4. The method of claim 1 wherein analyzing the received data
includes applying at least one of a fast Fourier transformation, a
discrete Fourier transformation, a fractional Fourier
transformation, and a Laplace transformation to the received
data.
5. The method of claim 1 wherein: analyzing the received data
includes applying at least one of a fast Fourier transformation, a
discrete Fourier transformation, a fractional Fourier
transformation, and a Laplace transformation to the received data
to derive a plurality of frequency components; and the plurality of
frequency components include the fundamental frequency component
and a non-fundamental frequency component.

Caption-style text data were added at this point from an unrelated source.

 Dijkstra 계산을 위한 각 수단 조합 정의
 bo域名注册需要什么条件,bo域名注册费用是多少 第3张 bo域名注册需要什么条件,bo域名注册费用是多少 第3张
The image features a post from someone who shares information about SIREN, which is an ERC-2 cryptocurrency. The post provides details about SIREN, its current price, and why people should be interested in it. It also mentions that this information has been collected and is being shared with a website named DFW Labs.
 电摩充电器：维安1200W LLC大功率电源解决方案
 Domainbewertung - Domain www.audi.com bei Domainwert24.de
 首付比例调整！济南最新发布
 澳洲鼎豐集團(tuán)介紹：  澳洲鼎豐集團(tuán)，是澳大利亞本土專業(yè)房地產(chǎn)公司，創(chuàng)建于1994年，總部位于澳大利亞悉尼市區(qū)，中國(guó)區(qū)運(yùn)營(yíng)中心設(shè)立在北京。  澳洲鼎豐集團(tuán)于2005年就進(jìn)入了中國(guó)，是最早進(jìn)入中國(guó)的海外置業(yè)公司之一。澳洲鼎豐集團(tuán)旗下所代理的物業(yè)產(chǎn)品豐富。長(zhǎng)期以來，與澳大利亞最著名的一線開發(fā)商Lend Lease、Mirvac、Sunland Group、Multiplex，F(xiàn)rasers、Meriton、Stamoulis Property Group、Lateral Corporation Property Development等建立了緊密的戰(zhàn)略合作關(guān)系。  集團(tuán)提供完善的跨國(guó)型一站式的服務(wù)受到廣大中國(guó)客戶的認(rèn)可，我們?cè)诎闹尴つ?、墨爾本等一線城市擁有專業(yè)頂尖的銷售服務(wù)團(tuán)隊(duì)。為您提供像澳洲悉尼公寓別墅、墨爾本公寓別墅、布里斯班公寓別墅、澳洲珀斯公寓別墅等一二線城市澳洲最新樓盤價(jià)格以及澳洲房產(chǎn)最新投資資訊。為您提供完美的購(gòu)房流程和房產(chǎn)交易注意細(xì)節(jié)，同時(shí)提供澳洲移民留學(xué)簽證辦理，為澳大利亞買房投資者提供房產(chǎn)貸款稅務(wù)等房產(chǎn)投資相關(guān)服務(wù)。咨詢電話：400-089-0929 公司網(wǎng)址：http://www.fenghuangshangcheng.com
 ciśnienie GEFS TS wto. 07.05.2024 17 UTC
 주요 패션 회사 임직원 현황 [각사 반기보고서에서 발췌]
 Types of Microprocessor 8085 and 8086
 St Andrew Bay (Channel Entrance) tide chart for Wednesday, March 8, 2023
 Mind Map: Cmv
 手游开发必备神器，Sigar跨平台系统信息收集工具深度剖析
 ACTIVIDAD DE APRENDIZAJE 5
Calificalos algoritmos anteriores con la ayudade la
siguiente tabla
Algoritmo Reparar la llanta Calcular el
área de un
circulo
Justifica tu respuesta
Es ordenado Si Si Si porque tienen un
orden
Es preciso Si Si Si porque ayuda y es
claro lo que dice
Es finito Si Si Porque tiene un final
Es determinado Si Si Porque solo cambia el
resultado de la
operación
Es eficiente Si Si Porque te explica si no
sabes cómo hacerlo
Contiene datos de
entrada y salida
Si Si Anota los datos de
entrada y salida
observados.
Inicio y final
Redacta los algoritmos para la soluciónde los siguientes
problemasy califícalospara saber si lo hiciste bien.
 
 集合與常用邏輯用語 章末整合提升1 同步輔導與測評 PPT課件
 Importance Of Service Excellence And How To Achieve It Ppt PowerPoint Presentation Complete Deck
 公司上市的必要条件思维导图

6. The method of claim 1 wherein: analyzing the received data
includes applying at least one of a fast Fourier transformation, a
discrete Fourier transformation, a fractional Fourier
transformation, and a Laplace transformation to the received data
to derive a plurality of frequency components; the plurality of
frequency components include the fundamental frequency component
and a non-fundamental frequency component; and extracting the
fundamental frequency component includes selecting the fundamental
frequency component from the plurality of frequency components.
7. The method of claim 1 wherein: analyzing the received data
includes applying at least one of a fast Fourier transformation, a
discrete Fourier transformation, a fractional Fourier
transformation, and a Laplace transformation to the received data
to derive a plurality of frequency components; the plurality of
frequency components include the fundamental frequency component
and a non-fundamental frequency component; calculating the waveform
includes calculating a waveform based on the non-fundamental
frequency component, the calculated waveform being configured to
compensate for the non-fundamental frequency component; and
controlling the output of the inverter includes injecting a current
into the grid based on the calculated second waveform.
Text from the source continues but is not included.